The case is of practical significance to suppliers and contracting authorities alike who may be operating under, or contemplating, a modification to an awarded contract, or competitors looking at such modifications with an eye to a procurement challenge.  It is relevant in considering where the boundaries of “substantial” may lie, and the considerations the Court will take into account when assessing whether a modification is “substantial”.

Outline of the case

Such so-called ‘material variation’ claims are necessarily fact specific, in particular in light of the open textured wording of some of the ‘safe-harbour tests’ (i.e. the tests for the extent of variation which is permissible within the terms of the PCR), which use language like “substantial modification”, “significant inconvenience”, “materially different in character”, and “substantial duplication”. This analysis therefore contains a more detailed summary of the facts to add context to the Court’s conclusions as to why the Authority’s contractual variations were permissible and James Waste’s claim was unsuccessful.

As further explained below, James Waste argued (unsuccessfully) in particular that:

  • The modification of the Authority’s Integrated Waste Haulage Contract (“IWHC”) with Veolia and the Authority’s award of a call-off contract to Enovert under a related Framework Agreement were unlawful.
  • The contractual modification to the IWHC was a "substantial" modification under Reg 72(1)(e), as it rendered the IWHC materially different in character, changed the economic balance of the contract, and extended the scope of the IWHC.
  • Additionally, the modification was not permitted by Reg 72(1)(a). James Waste also questioned whether the provisions of Schedule 21 of the IWHC satisfied the requirements of Reg 72(1)(a).
  • The Authority’s conduct in its related award to Enovert under the Framework Agreement, lacked transparency, contrary to the general principles in Regulation 18 PCR.

On the specific facts, these arguments were unsuccessful.

Relevant context for the Modification and Framework call-off

The Authority is responsible for the disposal of waste collected by, and for, the borough and district councils in its area. The boroughs and district councils are known as Waste Collection Authorities (“WCAs”). The Authority provides directions to the WCAs as to where waste must be delivered.
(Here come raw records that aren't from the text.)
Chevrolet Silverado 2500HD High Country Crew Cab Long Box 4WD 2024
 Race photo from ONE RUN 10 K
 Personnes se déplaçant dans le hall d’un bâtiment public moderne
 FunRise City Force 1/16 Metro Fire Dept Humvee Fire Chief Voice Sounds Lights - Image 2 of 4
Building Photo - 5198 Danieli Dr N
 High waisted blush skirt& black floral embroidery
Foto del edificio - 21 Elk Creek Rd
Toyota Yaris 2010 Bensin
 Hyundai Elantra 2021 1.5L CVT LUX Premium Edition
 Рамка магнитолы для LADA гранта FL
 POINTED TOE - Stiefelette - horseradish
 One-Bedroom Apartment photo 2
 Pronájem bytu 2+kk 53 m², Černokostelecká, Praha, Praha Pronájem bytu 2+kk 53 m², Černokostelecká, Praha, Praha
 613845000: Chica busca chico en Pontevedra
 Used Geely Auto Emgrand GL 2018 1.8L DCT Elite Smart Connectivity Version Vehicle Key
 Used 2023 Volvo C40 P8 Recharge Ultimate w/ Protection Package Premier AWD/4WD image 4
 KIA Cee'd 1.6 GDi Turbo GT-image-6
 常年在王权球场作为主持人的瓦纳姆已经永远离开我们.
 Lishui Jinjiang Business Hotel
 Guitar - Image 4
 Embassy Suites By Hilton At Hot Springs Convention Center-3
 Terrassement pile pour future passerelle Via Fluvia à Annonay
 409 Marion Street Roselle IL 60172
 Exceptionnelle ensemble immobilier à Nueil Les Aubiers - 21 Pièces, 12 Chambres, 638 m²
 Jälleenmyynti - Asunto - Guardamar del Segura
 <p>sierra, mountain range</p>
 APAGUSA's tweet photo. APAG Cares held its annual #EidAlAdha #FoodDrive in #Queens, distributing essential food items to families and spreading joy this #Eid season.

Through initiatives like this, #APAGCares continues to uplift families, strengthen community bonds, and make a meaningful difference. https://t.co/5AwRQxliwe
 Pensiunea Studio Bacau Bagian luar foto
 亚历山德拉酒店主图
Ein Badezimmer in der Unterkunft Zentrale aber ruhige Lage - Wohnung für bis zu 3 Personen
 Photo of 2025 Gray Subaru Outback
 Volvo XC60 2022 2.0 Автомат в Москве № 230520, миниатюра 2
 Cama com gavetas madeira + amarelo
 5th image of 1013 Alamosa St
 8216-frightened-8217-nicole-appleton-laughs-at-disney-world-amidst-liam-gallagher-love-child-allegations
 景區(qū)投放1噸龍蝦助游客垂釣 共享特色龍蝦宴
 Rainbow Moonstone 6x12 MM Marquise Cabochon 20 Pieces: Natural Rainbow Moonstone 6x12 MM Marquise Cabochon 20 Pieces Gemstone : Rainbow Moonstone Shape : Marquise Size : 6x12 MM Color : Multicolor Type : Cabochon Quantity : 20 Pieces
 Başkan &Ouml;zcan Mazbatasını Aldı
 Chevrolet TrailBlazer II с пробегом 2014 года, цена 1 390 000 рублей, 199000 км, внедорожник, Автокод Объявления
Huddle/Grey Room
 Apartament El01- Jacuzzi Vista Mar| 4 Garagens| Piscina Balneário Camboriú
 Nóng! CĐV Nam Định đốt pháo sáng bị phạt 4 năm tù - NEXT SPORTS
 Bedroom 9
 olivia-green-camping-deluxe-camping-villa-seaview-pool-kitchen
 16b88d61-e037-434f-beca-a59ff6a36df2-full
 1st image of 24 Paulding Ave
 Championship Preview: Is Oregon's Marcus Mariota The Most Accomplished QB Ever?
The Authority sought to discharge its waste disposal obligations via an IWHC awarded to Veolia following a competitive dialogue procurement process. The IWHC concerned the running of recycling centres, and the haulage of waste, as well as the management of waste transfer stations (“WTSs”). It is important detail that those WTSs were in five specific locations. The duration of the IWHC was 8½  years but included an option to extend the contract by a further seven years.

Separately, the Authority established a Framework Waste Agreement split into Lots (the “Framework”)  for services including haulage, transfer and disposal of waste. The Framework was to complement the IWHC.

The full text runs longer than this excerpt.